Skip to contents

align_lda_topics() estimates LDA models for a range of topic numbers and aligns the topics across models using the product and transport method.

Usage

align_lda_topics(
  ta,
  k_range = 2:10,
  seed = 42,
  min_prevalence = 0.05,
  taxon = taxon_id,
  sample = sample_id,
  ...
)

Arguments

ta

A tidytacos object.

k_range

A range of topic numbers to estimate.

seed

A seed for reproducibility.

min_prevalence

The lowest percentage (0-1) of samples taxa need to be present in for the taxa to be used in model estimation.

taxon

The column name in the taxa table with taxa identifiers.

sample

The column name in the sample table with sample identifiers.

...

Arguments passed on to alto::run_lda_models

data

(required) a matrix, data.frame or slam::simple_triplet_matrix containing the counts (integers) of each feature (e.g. words) and each sample (or document). If data is provided as matrix or data.frame, each row is a sample, each column is a feature.

lda_varying_params_lists

(required) a list specifying the parameter for each models that needs to be ran. Currently, supported parameters are "k" (the number of topic), "method" ("VEM" or "Gibbs"), and "control", a list of type LDAcontrol. See topicmodels::LDA for details and below for examples.

lda_fixed_params_list

(optional) a list specifying the parameters common to all models to be fitted.
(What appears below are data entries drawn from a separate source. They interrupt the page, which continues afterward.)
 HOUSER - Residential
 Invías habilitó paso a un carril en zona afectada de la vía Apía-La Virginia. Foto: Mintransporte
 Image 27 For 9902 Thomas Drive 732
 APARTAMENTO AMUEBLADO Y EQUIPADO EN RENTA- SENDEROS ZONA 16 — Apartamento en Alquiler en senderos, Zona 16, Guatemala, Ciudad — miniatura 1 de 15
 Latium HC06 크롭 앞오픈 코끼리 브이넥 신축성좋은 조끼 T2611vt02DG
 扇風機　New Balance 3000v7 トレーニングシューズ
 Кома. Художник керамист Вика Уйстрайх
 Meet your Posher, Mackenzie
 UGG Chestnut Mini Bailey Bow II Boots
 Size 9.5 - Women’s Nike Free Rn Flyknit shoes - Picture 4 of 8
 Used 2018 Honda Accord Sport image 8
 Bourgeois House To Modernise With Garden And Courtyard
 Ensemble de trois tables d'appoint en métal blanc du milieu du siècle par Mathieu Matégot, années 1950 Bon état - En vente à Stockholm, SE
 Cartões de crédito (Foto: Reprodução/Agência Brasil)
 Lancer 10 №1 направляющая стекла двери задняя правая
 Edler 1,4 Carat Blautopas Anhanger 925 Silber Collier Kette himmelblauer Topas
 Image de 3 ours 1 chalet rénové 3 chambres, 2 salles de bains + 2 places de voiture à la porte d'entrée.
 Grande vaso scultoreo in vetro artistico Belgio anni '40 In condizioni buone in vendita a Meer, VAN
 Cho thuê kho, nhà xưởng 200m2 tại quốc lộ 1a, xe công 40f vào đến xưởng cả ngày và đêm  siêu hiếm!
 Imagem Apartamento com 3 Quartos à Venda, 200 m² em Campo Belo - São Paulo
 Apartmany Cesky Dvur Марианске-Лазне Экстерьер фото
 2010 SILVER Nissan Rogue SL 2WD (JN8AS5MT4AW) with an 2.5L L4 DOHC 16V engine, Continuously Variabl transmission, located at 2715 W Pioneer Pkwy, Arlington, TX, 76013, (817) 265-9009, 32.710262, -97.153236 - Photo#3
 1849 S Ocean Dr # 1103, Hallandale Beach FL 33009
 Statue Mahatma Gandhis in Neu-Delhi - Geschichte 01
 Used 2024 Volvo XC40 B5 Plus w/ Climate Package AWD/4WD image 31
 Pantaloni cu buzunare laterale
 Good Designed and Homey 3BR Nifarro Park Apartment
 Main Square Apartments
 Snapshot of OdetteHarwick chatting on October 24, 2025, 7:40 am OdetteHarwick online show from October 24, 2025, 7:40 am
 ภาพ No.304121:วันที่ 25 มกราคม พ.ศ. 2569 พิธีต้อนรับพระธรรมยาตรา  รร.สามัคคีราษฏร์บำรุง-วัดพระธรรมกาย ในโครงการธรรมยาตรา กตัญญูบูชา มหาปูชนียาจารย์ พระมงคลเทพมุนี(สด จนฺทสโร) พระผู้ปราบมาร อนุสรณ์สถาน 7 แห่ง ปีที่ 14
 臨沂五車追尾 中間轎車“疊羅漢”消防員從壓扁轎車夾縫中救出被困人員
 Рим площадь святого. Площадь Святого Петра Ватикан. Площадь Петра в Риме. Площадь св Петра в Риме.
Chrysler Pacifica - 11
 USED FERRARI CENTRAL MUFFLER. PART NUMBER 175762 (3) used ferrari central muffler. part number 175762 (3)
Values provided by lda_fixed_params_list are overwritten by those provided by lda_varying_params_lists.

dir

(optional) a character specifying the directory in which individual LDA models should be stored. If not specified, individual LDA models are not stored. This option is especially useful for data exploration as it allows to save execution time if one wishes to add models to an existing model list. (see examples)

reset

(optional, default = FALSE). Should any cached models in the save directory be cleared?

verbose

(optional, default = FALSE) Print verbose output while running models?

Value

A list of estimated models, aligned topics using the product method and aligned topics using the transport method.